• DATASET CONTENT:
○ ○ ○ ○ ○ ○ ○
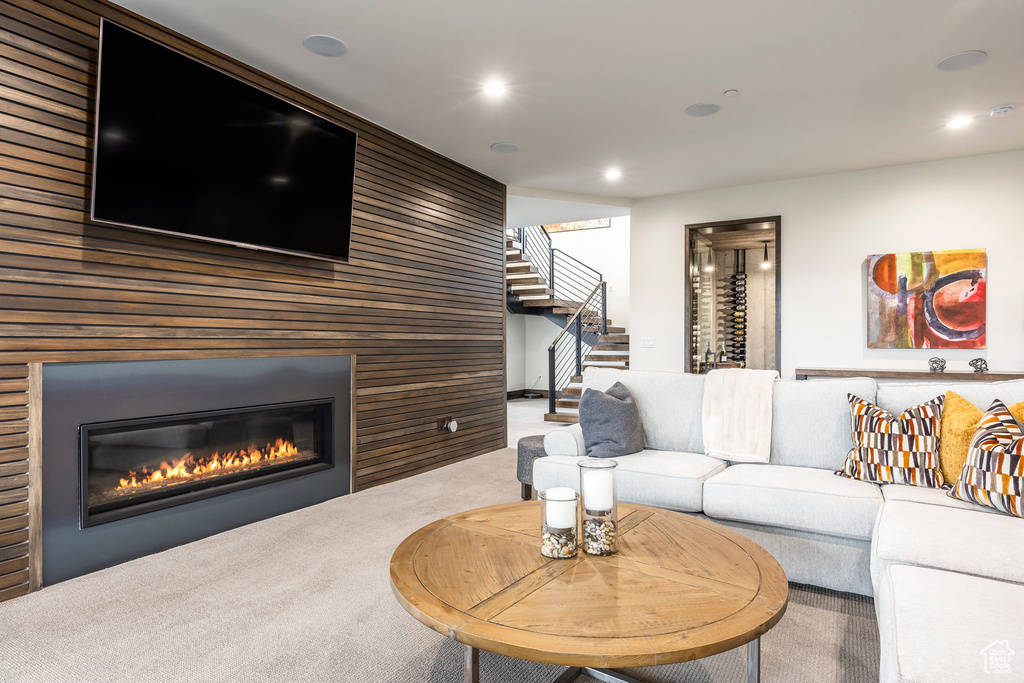 Living room featuring stairs, wood walls, a glass covered fireplace, carpet, and recessed lighting
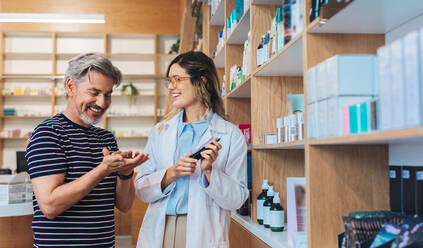 Pharmacist recommending a skincare product to a patient in a chemist. Female healthcare professional assisting a man in a pharmacy. - JLPSF28978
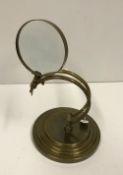A modern brass table magnifying glass, 2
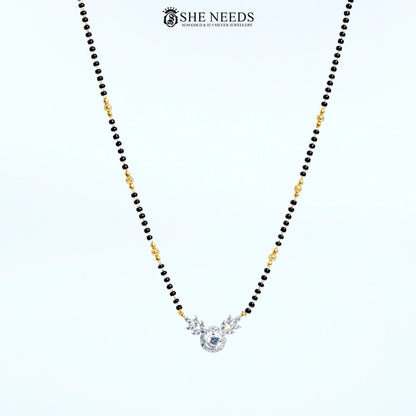 Full view of Anvika Gold Plated AD Leaf Mangalsutra with sparkling round American Diamond pendant, leaf design and black bead chain.|She Needs Jewellery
○ ○ ○ ○ ○ ○ ○
• PROBLEM TO WORK ON: Pictures do not belong in the copy. Repeat exactly each line from the one with "A modern brass table magnifying glass, 2" through the end of the listing.

• RESULT:
A modern brass table magnifying glass, 2
 Full view of Anvika Gold Plated AD Leaf Mangalsutra with sparkling round American Diamond pendant, leaf design and black bead chain.|She Needs Jewellery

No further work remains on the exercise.